Exercise description> Your task is to restate the listing word for word without the pictures.

Stored data>
== Segment start ==

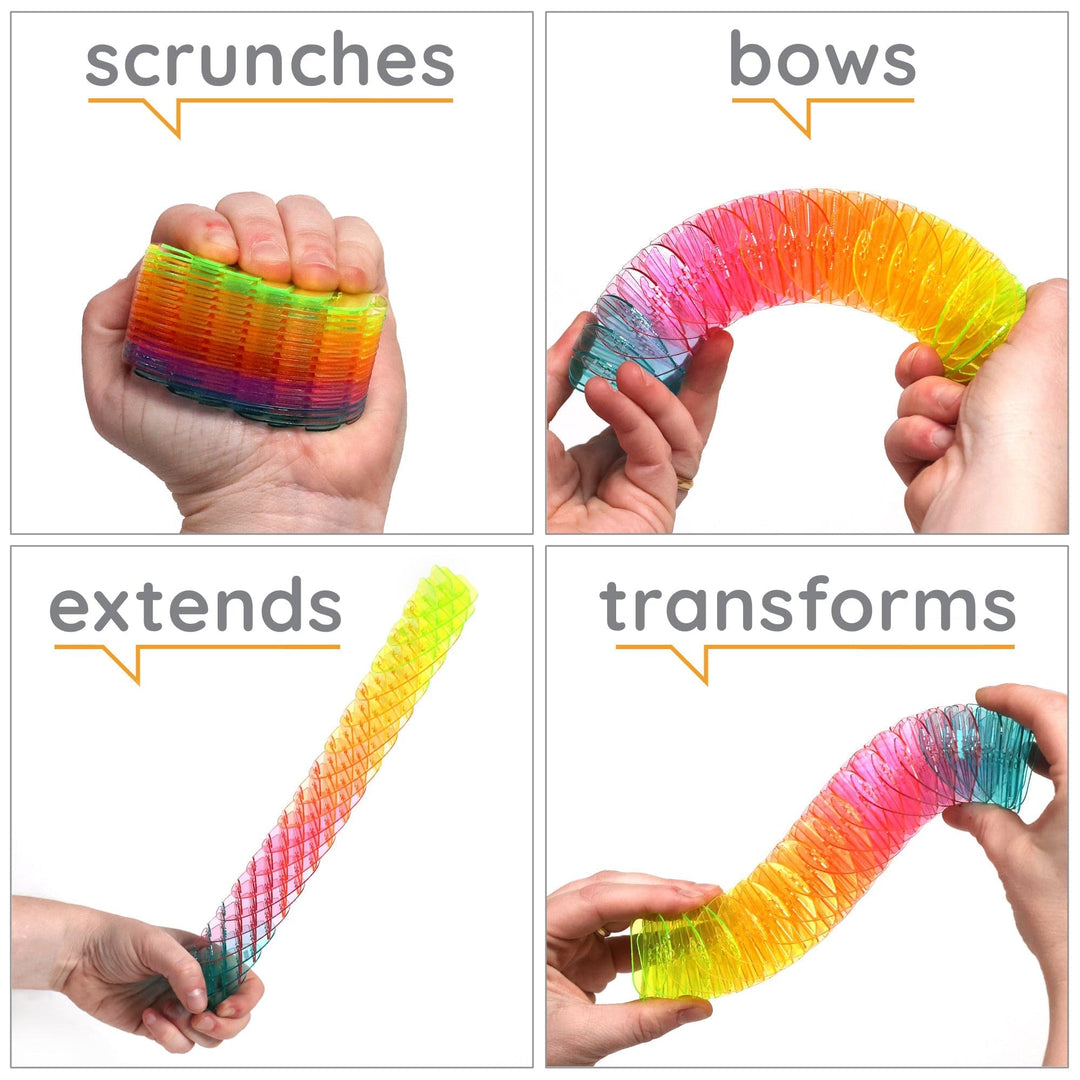 Humango Sensory Toy Morf Small Spring Rainbow | Humango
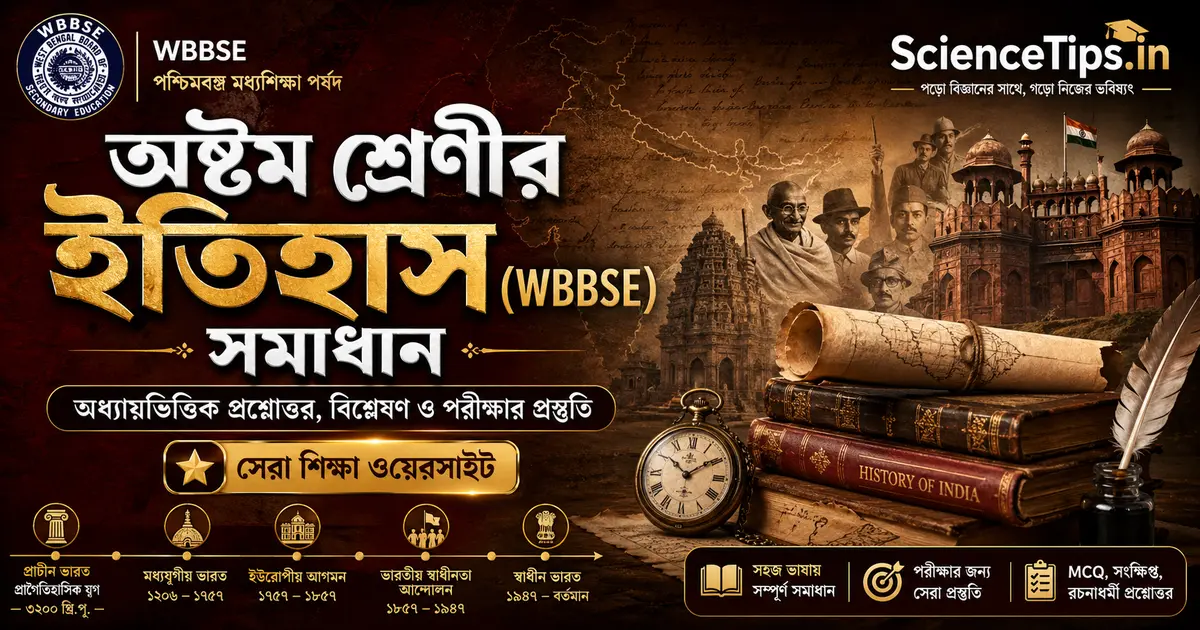 WBBSE Class 8 History Complete Solutions 2026 - ভারতের ইতিহাস ও জাতীয় আন্দোলন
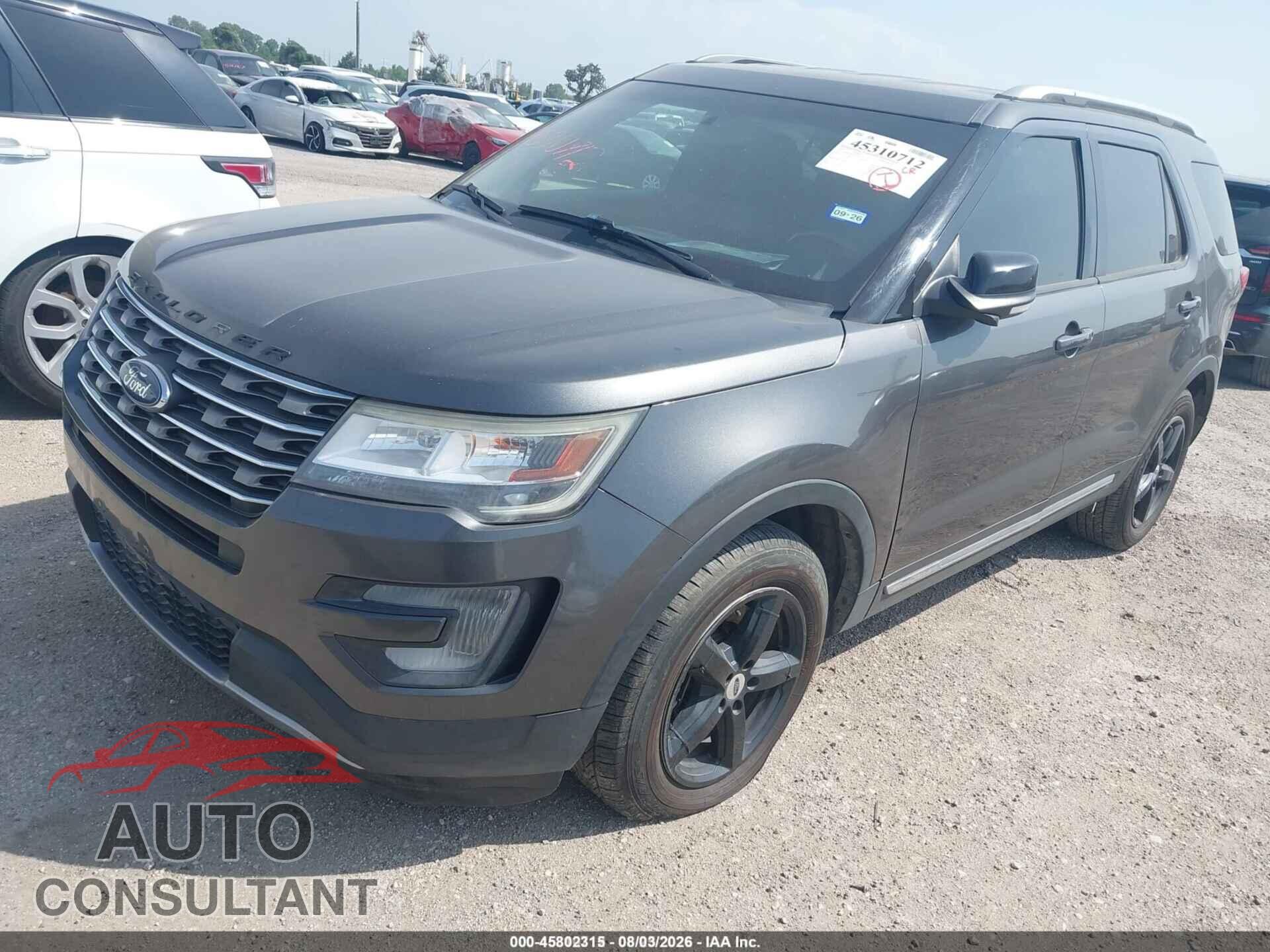 FORD EXPLORER 2017 - 1FM5K7D84HGD53414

== Segment end ==

Task answer>
 Humango Sensory Toy Morf Small Spring Rainbow | Humango
 WBBSE Class 8 History Complete Solutions 2026 - ভারতের ইতিহাস ও জাতীয় আন্দোলন
 FORD EXPLORER 2017 - 1FM5K7D84HGD53414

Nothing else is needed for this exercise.